What you will do:
Please output exactly the lines below, starting at the line that has "Canon キャノン デジタル一眼レフカメラ" and ending at the line that has "NCAA (Pro Player)", both included; leave out all pictures and include nothing else.

Given data:
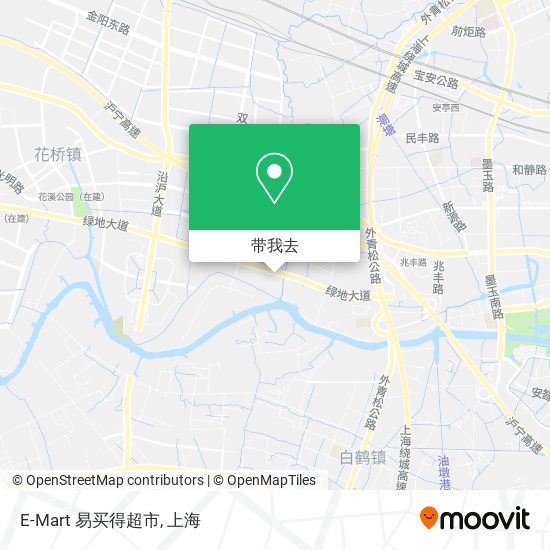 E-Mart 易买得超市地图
---
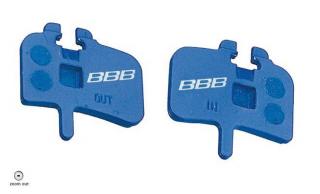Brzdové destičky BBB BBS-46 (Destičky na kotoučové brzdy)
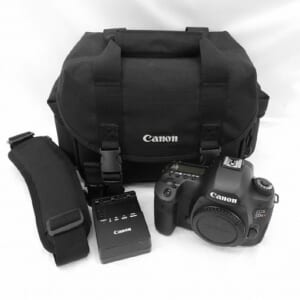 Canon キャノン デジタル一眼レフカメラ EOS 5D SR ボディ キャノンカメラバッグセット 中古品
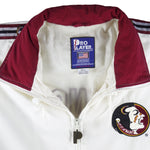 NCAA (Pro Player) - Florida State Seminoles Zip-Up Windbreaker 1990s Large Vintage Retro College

Solved problem:
 Canon キャノン デジタル一眼レフカメラ EOS 5D SR ボディ キャノンカメラバッグセット 中古品
 NCAA (Pro Player) - Florida State Seminoles Zip-Up Windbreaker 1990s Large Vintage Retro College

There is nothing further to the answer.